Самой страшной, холодной и голодной была зима 1942-го. Чтобы как-то выжить, мама распродала всё, что можно было продать. Помню, пришли какие-то люди, и она, промолвив: «Послушай последний раз», поставила на патефон пластинку с моей любимой песней «Расцветали яблони и груши», а потом отдала этим людям патефон со всеми имевшимися у нас пластинками, ещё какие-то вещи. Теперь эти люди, если живы, небось ходят с медалью «За оборону Ленинграда».

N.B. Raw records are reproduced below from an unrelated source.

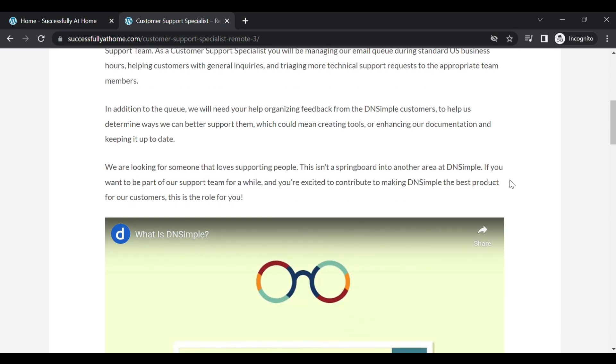All right, so they are actually looking for someone who is looking to get into this support position and stay there for a while. So they say this isn't a springboard into another area at DN Simple. They just want someone who's going to stick to being in this particular role for a while.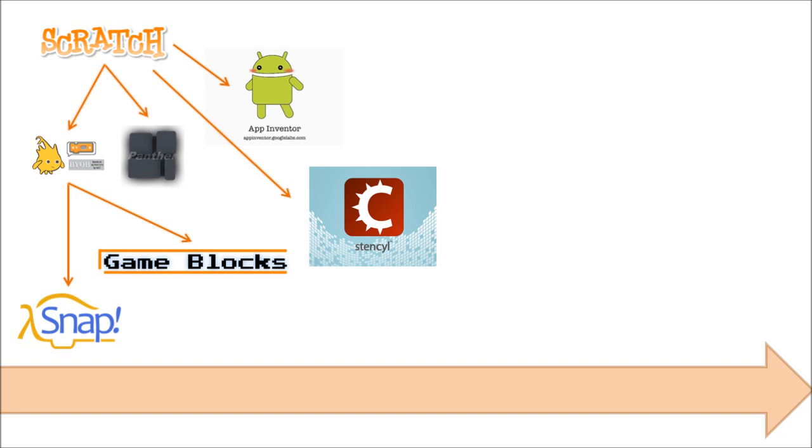Google put out a program called App Inventor. It was originally called Android App Inventor. Now it's called MIT App Inventor, and it's become also somewhat of an academic project. But it lets you build full-on Android applications. And this other program down here called Stencil is geared specifically toward game development, and it's cross-platform, and they're rapidly adding new platforms. So I think they have web and iOS, and they're looking to add Android. So there are commercial options that build on this technology.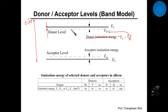Think about it. Previously, in the previous movie clip, I mentioned that the role of donor is to modify the total number of free electrons in silicon material — by substituting the silicon atom with a donor atom.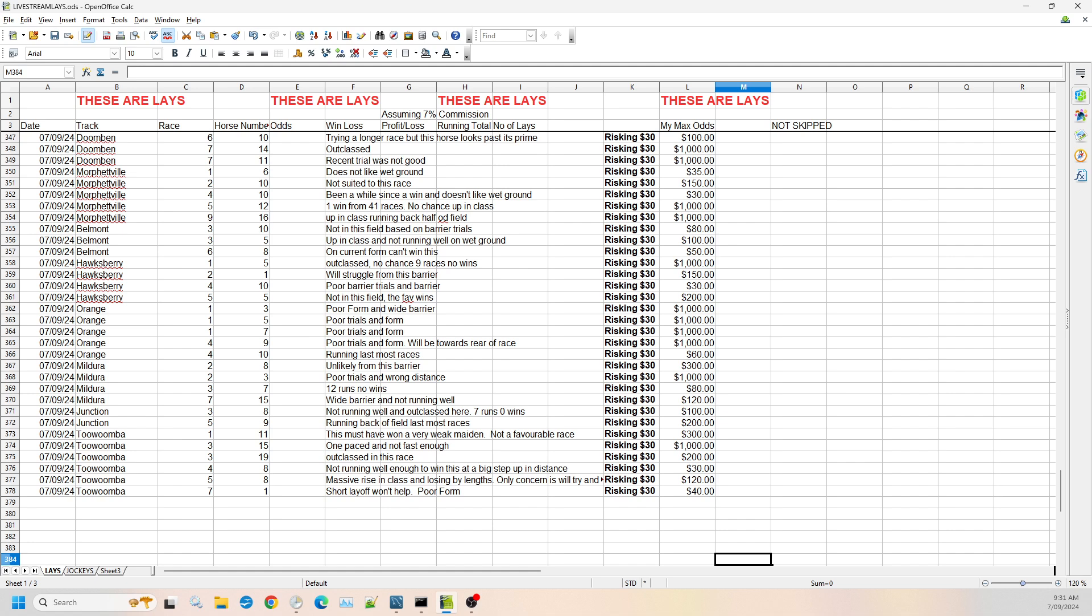Race three, I've got 15 and 19. Number 15 is one-paced, not fast enough to win this. So I'm willing to go out to $1,000 in the odds on the Betfair exchange. And number 19 is just outclassed in this race. It's not up to this field. So I'm willing to go up to $200.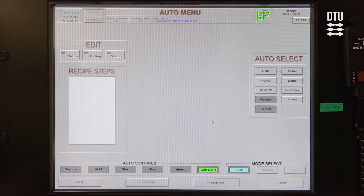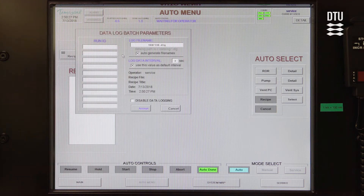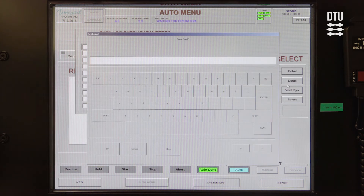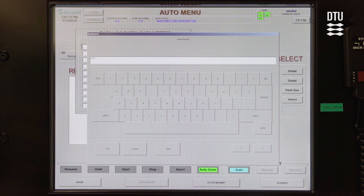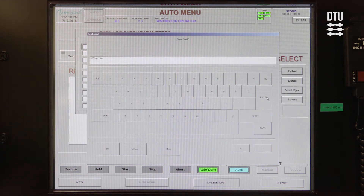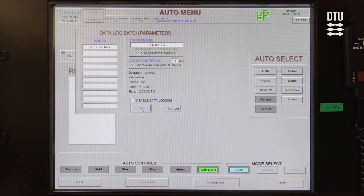Before you start your recipe, you also have to configure the data log. The data log saves the process parameters during your deposition. It has a log file name that you need to put into the process log — please use the auto-generated file name. You should also put something in the Run ID, for example 'Ti 15 nanometers, 1 angstrom per second'. This is so that if you look in the log file later, you can see what you were actually trying to do, because that may differ from what actually happened during the deposition. Then press Accept.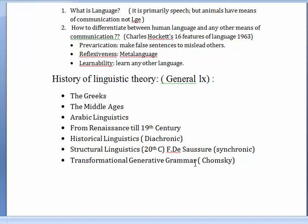Thank you for watching this video. I hope you learned something from this overview. Later on, I will devote full lectures to each topic — the Greeks, the Middle Ages, and Arabic linguistics. This was just an introduction. If you have any questions, don't hesitate to comment or send me an email. Thank you for watching and see you later.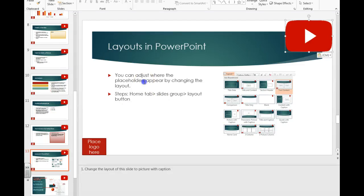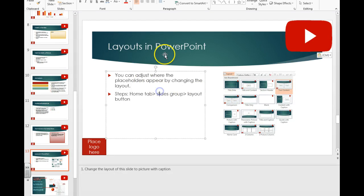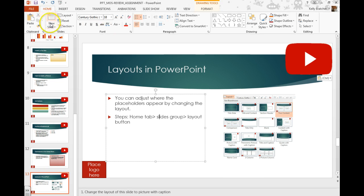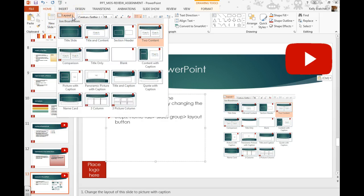You can change the layout of your slide so that it moves the placeholders around to different places. To do this, you're going to want to go up to your Home tab, go to the Slides group, and go to Layout.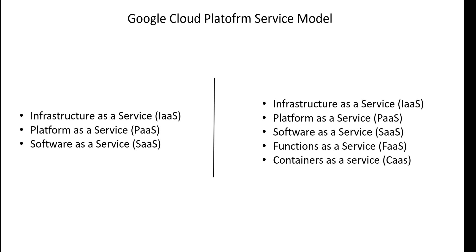With the Google Cloud Platform, we provide five types of service models that include the three generic ones: Infrastructure as a Service, Platform as a Service, Software as a Service, Functions as a Service, and Containers as a Service.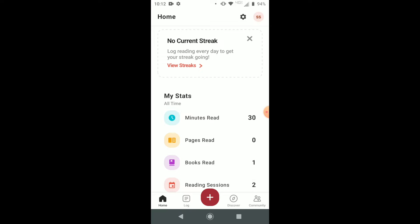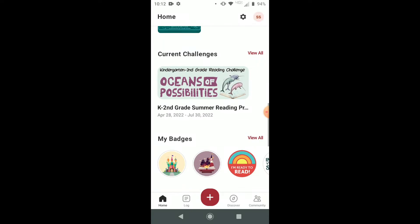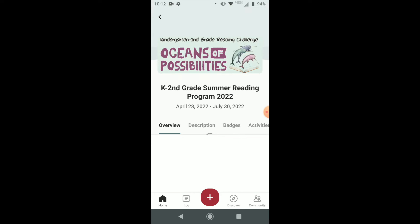To use your virtual raffle tickets in the Beanstack mobile app, tap on the Oceans of Possibilities button on the home screen, then scroll over to Ticket Drawings.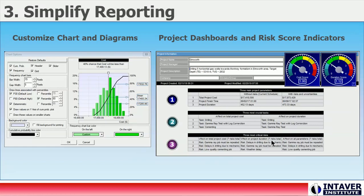Having standard dashboards that identify key indicators such as critical risks or crucial tasks provide an easy-to-understand presentation for your stakeholders. Risk score indicators can also be used to emphasize the relative level of project risk and provide a simple mechanism for comparing various projects in your portfolio.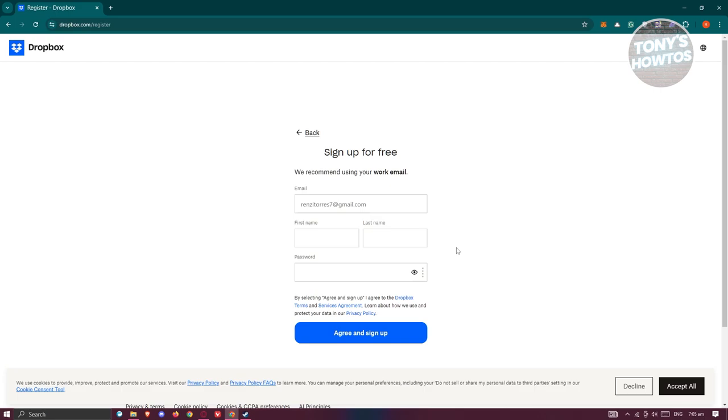Since we are not doing it automatically by connecting your Google account or Apple account, you need to provide some basic information about yourself, like your first name, last name, as well as a password that you want to use.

Той зимой главным и самым любимым моим лакомством был бутерброд, который я называл «хлебом с солем». При этом, по словам мамы, есть я не просил, знал, что дома ничего нет. Однажды случайная мамина знакомая украла наши хлебные карточки. Это был ужасный поступок, обрекавший на верную смерть. Нас спасли папины сёстры – поделились последним.
А от холода надо было спасаться самим. У нас в комнате с царских времён стояла красивая кафельная печь, но она плохо грела, и пришлось поставить «буржуйку», покрывавшую чёрной копотью весь потолок. Дрова были дефицитом, и в печь шло всё, что могло гореть: мебель, книги, половицы. У меня был столик-парта, который я очень любил, но однажды мама сказала: посиди на нём последний раз. Я посидел, а потом на моих глазах она разрубила его топором и отправила в печь.
Электричества не было, и мне запомнилась такая картина: вечер, на столе горит керосиновая лампа, а перед ней мама с книгой. Воды в кране тоже не было, её развозили в цистернах грузовики, которые называли водовозами, а зимой мама собирала снег с крыши.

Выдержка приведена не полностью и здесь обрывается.